Há quem diga que imitação e criatividade são inseparáveis. Quando olha para os quadros dos alunos, muito semelhantes aos seus na fase inicial da carreira, Denis Murrell sente apenas orgulho. “É só o ponto de partida”, diz, junto às obras dos alunos na Galeria da Fundação Rui Cunha.

Natural de Melbourne, na Austrália, o pintor contou à MACAU, semanas antes da inauguração, que nos tempos de estudante de Arte em Sidney teve professores “bastante iluminados que não deixavam copiar”. “Éramos criticados se copiássemos, tudo tinha de vir da nossa cabeça”, explica. ”Davam-nos um tema para explorarmos sozinhos e de forma completamente livre.

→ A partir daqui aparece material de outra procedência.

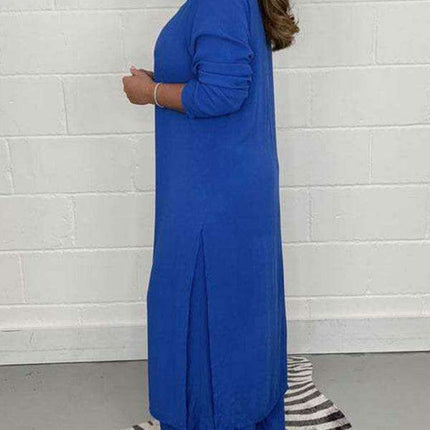 Chic Polyester Long Jacket and Trousers Set for Women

Era um estilo de ensino muito diferente do chinês.”

Quando se mudou para Macau em 1989, Murrell, formado também em ensino do Inglês como Segunda Língua, trabalhou como professor do idioma e ao mesmo tempo começou a explorar a paixão antiga pela pintura. Com o passar do tempo foi aliando as duas disciplinas, alicerçadas pelo seu forte instinto pedagógico, e condimentando com a própria experiência multicultural.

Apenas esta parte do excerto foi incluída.